**WHAT THE EXERCISE ASKS**
Each line below from the line with "Point, TX 78010" to the line with "Leonidas Village Houses" must be copied exactly, including those two, and no picture may appear in the copy.

**DATA FOR THIS TASK**
◇ ◇ ◇

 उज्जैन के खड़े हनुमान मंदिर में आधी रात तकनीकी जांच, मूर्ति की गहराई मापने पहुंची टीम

◇ ◇ ◇

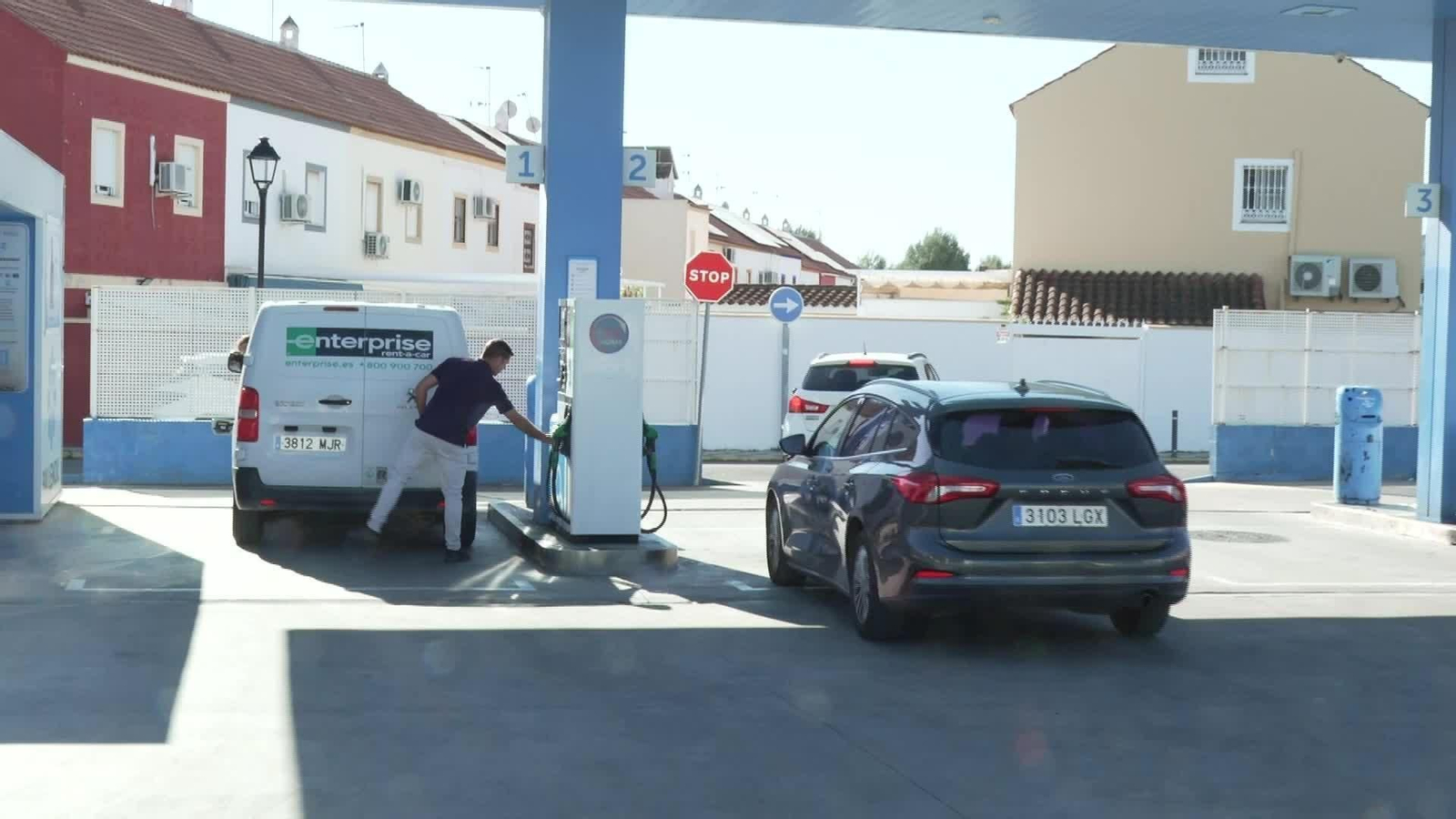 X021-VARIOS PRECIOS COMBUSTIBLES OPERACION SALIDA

◇ ◇ ◇

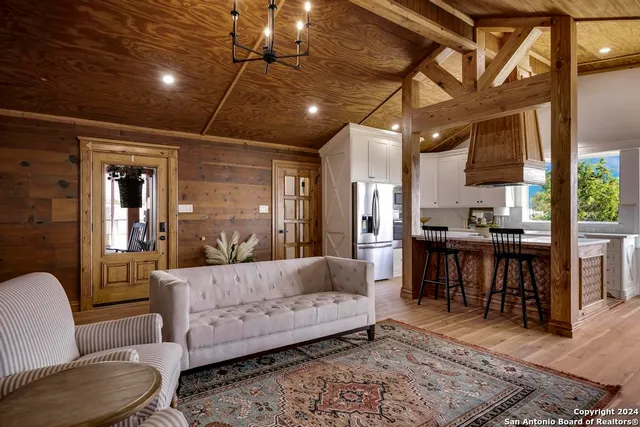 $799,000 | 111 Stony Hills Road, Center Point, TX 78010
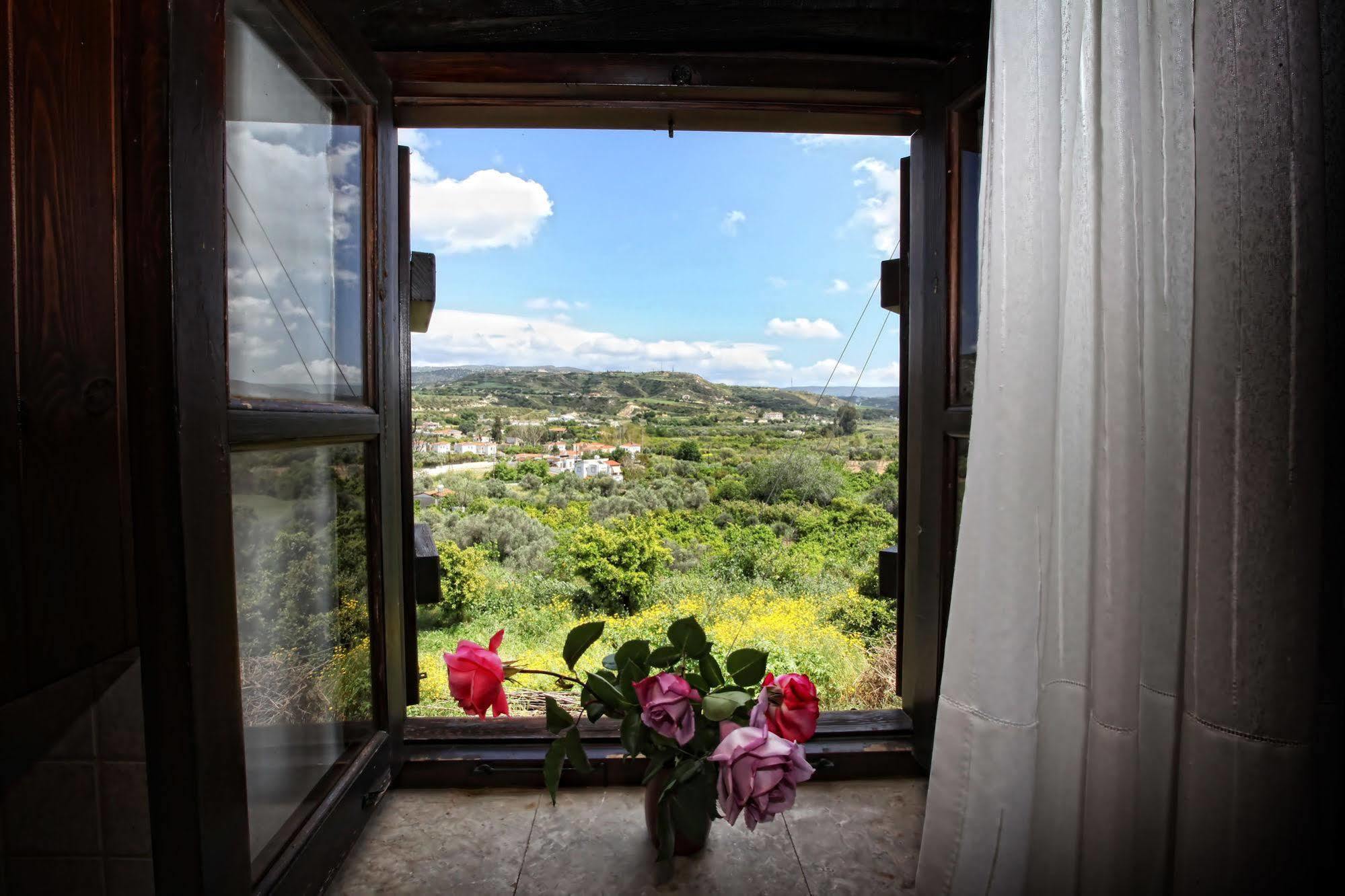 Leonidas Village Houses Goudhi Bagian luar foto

◇ ◇ ◇

**SOLVED PROBLEM**
 $799,000 | 111 Stony Hills Road, Center Point, TX 78010
 Leonidas Village Houses Goudhi Bagian luar foto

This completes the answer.